Natural Language Processing (NLP) is a very interesting field of study under machine learning that enables computers to understand the natural language of humans. To understand the complexity of languages, complex patterns need to be studied and analyzed via different processes starting from noisy and incomplete voice input processing through lexical identification, syntactic and semantic analysis, and language interpretation in context. 

 

In this article, we are mainly going to focus on Syntactic Analysis, which is a crucial part of NLP. We are going to discuss the following in brief:

 

  • Syntactic Analysis

  • Parsers

  • Grammar

  • Syntactic Analysis vs Lexical Analysis

 

(More to learn: NLP guide for beginners)


 

Syntactic Analysis

 

The first question that is bound to be asked by everyone is, What exactly is Syntactic Analysis?
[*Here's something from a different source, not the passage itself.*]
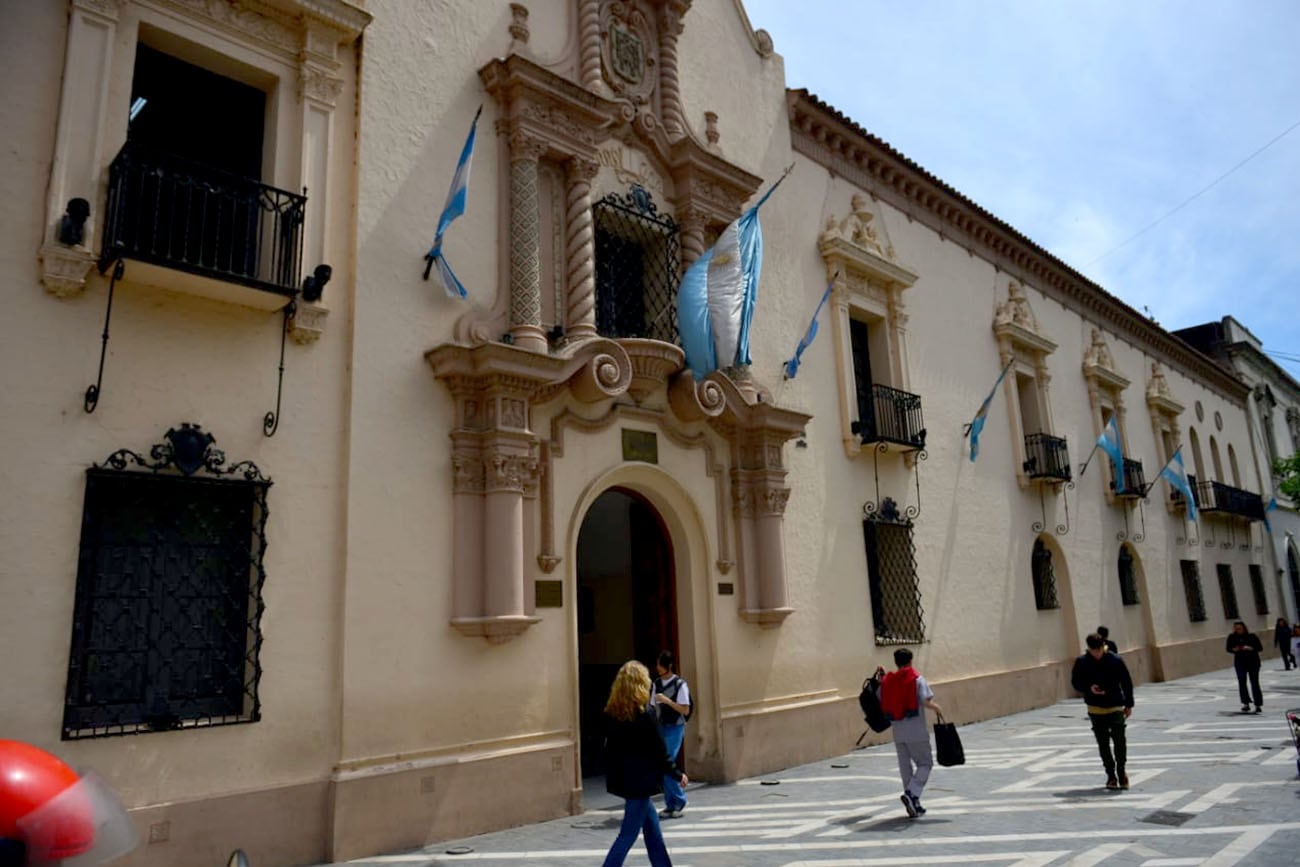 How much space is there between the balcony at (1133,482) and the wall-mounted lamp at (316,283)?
18769 millimetres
Syntactic analysis is described as the study of the logical meaning of specific phrases or portions of sentences. 

 

  • It is the process of analyzing the natural language with the rules of formal grammar to find out the dictionary meaning of any sentence. 

  • It is the third phase of NLP and it only works on a group of words or sentences. 

  • It does not work on individual words as individual words do not determine the overall grammar of any sentence. 

 

Syntactic analysis is also known as Syntax analysis or Parsing. To implement the task of parsing, we use parsers. Now let us learn what parsers are.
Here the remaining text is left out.